By Giovanna Dell'orto In El Acebo, Spain Associated Press ( China Daily ) Updated: 2016-07-16 07:40:09

Crossing Spain on an ancient pilgrimage route

Pilgrims walk on the Way of Saint James near the village of Santa Catalina de Somoza, close to Astorga. [Provided To China Daily]

French Way takes you across country to Apostle's burial site.

About three hours into the day's hike, having just cleared the highest mountain point of the Camino de Santiago, I looked down into the valleys pockmarked with yellow and purple spring blossoms, and froze.

Surely that faraway black office tower, seemingly no bigger than the trail stones making my scarred feet scream, could not be where I was planning to arrive that same night.
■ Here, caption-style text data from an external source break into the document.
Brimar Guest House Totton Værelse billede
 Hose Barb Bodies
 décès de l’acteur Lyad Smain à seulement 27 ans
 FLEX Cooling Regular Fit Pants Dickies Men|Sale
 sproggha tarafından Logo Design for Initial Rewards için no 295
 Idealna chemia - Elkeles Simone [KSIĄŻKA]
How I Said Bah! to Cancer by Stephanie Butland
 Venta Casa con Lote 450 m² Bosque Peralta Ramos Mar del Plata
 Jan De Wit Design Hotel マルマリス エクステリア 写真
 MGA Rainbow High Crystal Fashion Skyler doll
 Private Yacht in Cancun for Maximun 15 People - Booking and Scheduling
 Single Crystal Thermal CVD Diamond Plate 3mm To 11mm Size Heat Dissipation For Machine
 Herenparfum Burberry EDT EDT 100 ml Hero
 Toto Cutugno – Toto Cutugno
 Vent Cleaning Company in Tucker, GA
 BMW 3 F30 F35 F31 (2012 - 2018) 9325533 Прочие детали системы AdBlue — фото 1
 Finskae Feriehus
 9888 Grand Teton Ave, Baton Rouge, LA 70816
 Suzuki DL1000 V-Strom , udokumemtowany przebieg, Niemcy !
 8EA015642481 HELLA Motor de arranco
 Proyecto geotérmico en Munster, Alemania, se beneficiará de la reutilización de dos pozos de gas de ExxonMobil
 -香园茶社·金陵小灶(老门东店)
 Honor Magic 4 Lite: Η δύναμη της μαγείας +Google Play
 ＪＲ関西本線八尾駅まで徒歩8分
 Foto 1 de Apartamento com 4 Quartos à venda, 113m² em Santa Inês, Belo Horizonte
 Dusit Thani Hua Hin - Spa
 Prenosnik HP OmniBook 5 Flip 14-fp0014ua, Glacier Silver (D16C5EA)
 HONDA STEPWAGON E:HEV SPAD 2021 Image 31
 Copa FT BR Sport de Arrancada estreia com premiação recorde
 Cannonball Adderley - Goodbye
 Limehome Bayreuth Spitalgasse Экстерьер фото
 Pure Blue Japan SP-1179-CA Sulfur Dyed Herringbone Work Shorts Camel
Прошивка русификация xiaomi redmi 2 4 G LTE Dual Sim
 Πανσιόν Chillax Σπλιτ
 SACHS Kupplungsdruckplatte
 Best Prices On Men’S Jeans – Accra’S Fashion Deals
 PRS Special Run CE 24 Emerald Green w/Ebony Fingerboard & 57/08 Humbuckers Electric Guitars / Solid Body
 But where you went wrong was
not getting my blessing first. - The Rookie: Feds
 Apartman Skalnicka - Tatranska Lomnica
Guidebook check: It was.

Dejected, I struggled downhill into the next hamlet, El Acebo. I was barely past the first of its slate-roofed stone houses when my name - Giovanna! - rang out in the lilting Rio de Janeiro accent of a fellow pilgrim.

And that was my camino experience: 31 days of physical endurance through awe-inspiring landscapes, of contemplation punctuated by deep connections. It was a combination that reset my Type-A internal clock so that stopping to pick a poppy or a bunch of grapes, or to compare blisters with hikers from Seoul or Hawaii or Naples, became not only permissible but also imperative.

The "camino frances", or French way, is an 800-kilometer medieval pilgrimage route that crosses Spain from the Pyrenees at the French border to the purported burial site of the Apostle James in the cathedral of Santiago de Compostela. Of several historical routes to Santiago, this is the most popular.

It's no wilderness hike: The longest stretch without crossing a village is 10 miles (17 kilometers) through farmland. How much solitude you get depends on when and where you start.